• Exercise description: How do the records below read from their first line through the line containing "Revell Modellbausatz APOLLO:ASTRONAUT"? Write those lines out exactly.

(Records from a collection)
———

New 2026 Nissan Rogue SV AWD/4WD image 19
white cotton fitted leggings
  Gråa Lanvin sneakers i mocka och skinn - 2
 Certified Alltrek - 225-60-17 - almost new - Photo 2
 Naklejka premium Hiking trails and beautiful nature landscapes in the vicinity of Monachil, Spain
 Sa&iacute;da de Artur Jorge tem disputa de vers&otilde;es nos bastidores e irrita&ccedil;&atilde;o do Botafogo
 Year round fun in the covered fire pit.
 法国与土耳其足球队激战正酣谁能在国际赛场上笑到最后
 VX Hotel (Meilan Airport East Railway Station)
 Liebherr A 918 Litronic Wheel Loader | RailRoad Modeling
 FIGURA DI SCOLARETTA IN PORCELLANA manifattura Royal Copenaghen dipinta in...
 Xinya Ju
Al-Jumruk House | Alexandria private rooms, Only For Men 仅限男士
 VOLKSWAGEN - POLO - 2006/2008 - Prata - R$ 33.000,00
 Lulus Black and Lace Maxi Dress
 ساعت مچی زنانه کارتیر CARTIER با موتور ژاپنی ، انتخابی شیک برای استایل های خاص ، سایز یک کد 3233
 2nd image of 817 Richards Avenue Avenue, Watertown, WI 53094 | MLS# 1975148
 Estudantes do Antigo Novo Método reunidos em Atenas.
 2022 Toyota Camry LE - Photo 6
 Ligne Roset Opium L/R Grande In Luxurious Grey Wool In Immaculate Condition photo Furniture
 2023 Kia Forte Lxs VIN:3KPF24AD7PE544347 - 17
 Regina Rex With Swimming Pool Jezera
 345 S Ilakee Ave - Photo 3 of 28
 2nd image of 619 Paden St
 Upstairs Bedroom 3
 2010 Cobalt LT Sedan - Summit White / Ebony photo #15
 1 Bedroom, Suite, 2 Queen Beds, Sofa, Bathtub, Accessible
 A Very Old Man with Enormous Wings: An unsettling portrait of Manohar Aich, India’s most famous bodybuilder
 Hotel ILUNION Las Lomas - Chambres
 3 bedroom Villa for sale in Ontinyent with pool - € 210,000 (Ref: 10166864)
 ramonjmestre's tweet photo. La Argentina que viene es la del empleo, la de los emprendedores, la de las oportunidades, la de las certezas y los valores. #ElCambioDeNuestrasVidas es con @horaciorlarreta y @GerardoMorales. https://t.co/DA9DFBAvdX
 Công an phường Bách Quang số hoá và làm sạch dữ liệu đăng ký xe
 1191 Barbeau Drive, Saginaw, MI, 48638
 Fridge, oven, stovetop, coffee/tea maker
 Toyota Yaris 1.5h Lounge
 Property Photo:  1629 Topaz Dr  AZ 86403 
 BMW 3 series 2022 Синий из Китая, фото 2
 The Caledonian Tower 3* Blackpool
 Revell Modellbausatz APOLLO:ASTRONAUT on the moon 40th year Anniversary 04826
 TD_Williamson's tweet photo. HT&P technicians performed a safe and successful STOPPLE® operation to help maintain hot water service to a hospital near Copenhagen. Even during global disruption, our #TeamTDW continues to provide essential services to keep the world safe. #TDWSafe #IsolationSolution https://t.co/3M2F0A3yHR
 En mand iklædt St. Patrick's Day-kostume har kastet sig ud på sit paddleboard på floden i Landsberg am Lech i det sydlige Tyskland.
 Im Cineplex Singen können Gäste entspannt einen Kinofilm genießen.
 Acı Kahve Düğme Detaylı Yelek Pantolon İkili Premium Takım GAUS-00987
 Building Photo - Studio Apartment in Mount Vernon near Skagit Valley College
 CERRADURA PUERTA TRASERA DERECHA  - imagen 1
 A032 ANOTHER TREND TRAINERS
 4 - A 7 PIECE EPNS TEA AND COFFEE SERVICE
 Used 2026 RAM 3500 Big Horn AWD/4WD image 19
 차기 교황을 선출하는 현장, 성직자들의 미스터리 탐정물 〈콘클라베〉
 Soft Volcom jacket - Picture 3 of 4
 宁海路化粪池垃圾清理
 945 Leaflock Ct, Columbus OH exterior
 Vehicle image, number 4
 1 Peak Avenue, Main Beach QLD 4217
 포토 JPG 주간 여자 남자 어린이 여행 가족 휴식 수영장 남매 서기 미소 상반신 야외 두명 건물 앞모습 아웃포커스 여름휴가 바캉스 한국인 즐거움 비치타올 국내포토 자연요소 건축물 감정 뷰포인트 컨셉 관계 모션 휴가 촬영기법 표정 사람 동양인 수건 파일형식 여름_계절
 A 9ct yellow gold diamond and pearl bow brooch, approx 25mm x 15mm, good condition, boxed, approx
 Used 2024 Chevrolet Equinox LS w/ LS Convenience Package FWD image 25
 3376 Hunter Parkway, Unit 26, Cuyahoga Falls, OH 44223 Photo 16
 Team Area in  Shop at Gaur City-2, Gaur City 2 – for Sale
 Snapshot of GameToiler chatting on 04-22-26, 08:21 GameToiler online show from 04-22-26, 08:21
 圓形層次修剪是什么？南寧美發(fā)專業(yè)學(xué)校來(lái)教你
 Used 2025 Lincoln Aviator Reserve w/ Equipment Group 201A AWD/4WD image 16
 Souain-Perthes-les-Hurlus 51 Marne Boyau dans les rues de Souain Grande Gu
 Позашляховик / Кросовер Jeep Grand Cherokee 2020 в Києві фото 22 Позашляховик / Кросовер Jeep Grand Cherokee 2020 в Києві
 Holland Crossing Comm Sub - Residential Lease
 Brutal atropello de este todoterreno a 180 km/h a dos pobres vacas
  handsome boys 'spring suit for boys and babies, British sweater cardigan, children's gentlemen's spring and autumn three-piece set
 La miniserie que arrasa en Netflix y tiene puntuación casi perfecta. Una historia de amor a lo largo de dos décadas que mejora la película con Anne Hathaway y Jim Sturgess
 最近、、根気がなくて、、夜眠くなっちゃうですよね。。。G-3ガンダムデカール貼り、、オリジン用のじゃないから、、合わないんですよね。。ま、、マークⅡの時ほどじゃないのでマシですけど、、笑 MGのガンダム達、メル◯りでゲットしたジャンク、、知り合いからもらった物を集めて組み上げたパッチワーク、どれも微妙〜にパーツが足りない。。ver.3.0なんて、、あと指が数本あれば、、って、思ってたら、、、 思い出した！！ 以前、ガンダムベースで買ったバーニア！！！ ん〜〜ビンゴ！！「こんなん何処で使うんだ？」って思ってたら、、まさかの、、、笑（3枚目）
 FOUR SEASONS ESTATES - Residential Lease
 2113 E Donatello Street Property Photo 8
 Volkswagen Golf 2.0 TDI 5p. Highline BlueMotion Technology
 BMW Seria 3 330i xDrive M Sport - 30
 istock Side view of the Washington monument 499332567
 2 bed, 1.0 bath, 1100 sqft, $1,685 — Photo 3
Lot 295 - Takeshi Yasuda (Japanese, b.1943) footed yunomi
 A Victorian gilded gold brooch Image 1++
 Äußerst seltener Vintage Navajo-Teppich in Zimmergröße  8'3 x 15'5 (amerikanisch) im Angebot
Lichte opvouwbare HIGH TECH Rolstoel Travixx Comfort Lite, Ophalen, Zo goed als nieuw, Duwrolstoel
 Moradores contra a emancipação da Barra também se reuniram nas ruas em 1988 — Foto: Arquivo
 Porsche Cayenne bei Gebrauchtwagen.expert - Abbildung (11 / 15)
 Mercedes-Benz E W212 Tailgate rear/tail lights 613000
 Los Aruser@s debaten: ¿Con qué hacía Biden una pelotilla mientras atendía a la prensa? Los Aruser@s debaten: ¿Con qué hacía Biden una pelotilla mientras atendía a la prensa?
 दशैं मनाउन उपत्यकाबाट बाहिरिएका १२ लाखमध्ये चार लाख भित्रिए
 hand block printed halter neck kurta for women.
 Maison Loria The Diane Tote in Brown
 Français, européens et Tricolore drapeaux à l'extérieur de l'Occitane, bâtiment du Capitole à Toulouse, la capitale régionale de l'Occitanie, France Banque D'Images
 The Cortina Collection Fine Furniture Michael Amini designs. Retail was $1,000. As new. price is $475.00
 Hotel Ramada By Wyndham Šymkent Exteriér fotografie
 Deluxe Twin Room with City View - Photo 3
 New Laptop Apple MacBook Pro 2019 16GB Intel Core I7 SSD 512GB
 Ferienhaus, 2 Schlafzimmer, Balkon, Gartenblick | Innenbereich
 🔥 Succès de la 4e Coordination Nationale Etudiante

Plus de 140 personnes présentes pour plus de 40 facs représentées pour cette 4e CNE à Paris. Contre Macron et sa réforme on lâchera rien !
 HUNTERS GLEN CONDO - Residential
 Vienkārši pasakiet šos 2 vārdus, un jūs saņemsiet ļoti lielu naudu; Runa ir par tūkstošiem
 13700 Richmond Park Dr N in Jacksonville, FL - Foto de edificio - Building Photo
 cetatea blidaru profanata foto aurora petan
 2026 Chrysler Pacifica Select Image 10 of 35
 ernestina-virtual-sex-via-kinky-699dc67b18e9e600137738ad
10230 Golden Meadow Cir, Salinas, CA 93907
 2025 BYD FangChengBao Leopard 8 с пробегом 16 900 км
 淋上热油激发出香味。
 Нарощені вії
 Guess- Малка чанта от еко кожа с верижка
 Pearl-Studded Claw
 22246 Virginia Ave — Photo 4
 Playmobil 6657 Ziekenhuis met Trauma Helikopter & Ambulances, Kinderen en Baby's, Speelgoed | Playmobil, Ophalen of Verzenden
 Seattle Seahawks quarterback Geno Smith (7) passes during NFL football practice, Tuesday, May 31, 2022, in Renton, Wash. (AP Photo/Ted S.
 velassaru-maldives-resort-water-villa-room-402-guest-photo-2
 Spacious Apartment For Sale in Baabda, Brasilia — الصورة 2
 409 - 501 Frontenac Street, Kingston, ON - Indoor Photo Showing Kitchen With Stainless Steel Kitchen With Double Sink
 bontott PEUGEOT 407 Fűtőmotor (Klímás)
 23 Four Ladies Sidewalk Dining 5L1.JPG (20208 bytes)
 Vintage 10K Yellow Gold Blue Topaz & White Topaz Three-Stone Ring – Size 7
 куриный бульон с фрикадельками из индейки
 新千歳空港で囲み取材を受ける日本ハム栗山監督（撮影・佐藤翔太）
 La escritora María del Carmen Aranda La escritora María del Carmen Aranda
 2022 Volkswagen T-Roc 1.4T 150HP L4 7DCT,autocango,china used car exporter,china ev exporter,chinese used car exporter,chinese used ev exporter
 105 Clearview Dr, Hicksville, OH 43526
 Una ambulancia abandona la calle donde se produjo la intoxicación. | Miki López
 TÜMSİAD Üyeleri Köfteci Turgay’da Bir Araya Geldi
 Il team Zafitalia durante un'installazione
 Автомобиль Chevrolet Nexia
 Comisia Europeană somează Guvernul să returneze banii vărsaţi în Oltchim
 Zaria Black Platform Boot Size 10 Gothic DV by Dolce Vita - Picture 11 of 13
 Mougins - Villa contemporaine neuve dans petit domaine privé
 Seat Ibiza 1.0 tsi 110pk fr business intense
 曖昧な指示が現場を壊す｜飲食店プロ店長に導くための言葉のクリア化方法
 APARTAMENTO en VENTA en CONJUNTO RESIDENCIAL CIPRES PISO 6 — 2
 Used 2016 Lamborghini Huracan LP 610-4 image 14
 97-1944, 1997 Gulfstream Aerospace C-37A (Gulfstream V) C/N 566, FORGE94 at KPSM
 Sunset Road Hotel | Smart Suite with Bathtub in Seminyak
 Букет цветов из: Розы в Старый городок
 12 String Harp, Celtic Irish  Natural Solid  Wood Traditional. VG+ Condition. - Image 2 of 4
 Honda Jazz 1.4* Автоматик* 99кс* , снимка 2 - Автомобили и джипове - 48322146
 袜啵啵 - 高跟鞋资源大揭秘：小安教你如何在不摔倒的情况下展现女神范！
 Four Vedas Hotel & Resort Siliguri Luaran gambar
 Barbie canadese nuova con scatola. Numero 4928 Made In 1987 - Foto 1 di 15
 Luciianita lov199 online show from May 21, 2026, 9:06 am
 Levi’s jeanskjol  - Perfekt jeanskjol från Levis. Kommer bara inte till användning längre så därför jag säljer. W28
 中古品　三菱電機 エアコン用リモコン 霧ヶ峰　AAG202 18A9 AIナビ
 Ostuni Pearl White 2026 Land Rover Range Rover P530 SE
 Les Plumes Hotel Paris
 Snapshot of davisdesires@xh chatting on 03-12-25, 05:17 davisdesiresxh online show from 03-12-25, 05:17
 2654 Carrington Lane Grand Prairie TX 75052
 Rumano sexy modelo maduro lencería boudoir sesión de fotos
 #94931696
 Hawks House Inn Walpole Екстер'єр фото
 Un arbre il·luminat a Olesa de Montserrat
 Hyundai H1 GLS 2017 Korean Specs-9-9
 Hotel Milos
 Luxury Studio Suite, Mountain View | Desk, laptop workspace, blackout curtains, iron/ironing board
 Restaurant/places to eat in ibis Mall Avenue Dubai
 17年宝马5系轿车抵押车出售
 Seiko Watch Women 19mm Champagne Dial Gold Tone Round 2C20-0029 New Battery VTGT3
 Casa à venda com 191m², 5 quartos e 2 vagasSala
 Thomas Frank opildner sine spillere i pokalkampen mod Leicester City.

———

• Exercise response:
New 2026 Nissan Rogue SV AWD/4WD image 19
white cotton fitted leggings
  Gråa Lanvin sneakers i mocka och skinn - 2
 Certified Alltrek - 225-60-17 - almost new - Photo 2
 Naklejka premium Hiking trails and beautiful nature landscapes in the vicinity of Monachil, Spain
 Sa&iacute;da de Artur Jorge tem disputa de vers&otilde;es nos bastidores e irrita&ccedil;&atilde;o do Botafogo
 Year round fun in the covered fire pit.
 法国与土耳其足球队激战正酣谁能在国际赛场上笑到最后
 VX Hotel (Meilan Airport East Railway Station)
 Liebherr A 918 Litronic Wheel Loader | RailRoad Modeling
 FIGURA DI SCOLARETTA IN PORCELLANA manifattura Royal Copenaghen dipinta in...
 Xinya Ju
Al-Jumruk House | Alexandria private rooms, Only For Men 仅限男士
 VOLKSWAGEN - POLO - 2006/2008 - Prata - R$ 33.000,00
 Lulus Black and Lace Maxi Dress
 ساعت مچی زنانه کارتیر CARTIER با موتور ژاپنی ، انتخابی شیک برای استایل های خاص ، سایز یک کد 3233
 2nd image of 817 Richards Avenue Avenue, Watertown, WI 53094 | MLS# 1975148
 Estudantes do Antigo Novo Método reunidos em Atenas.
 2022 Toyota Camry LE - Photo 6
 Ligne Roset Opium L/R Grande In Luxurious Grey Wool In Immaculate Condition photo Furniture
 2023 Kia Forte Lxs VIN:3KPF24AD7PE544347 - 17
 Regina Rex With Swimming Pool Jezera
 345 S Ilakee Ave - Photo 3 of 28
 2nd image of 619 Paden St
 Upstairs Bedroom 3
 2010 Cobalt LT Sedan - Summit White / Ebony photo #15
 1 Bedroom, Suite, 2 Queen Beds, Sofa, Bathtub, Accessible
 A Very Old Man with Enormous Wings: An unsettling portrait of Manohar Aich, India’s most famous bodybuilder
 Hotel ILUNION Las Lomas - Chambres
 3 bedroom Villa for sale in Ontinyent with pool - € 210,000 (Ref: 10166864)
 ramonjmestre's tweet photo. La Argentina que viene es la del empleo, la de los emprendedores, la de las oportunidades, la de las certezas y los valores. #ElCambioDeNuestrasVidas es con @horaciorlarreta y @GerardoMorales. https://t.co/DA9DFBAvdX
 Công an phường Bách Quang số hoá và làm sạch dữ liệu đăng ký xe
 1191 Barbeau Drive, Saginaw, MI, 48638
 Fridge, oven, stovetop, coffee/tea maker
 Toyota Yaris 1.5h Lounge
 Property Photo:  1629 Topaz Dr  AZ 86403 
 BMW 3 series 2022 Синий из Китая, фото 2
 The Caledonian Tower 3* Blackpool
 Revell Modellbausatz APOLLO:ASTRONAUT on the moon 40th year Anniversary 04826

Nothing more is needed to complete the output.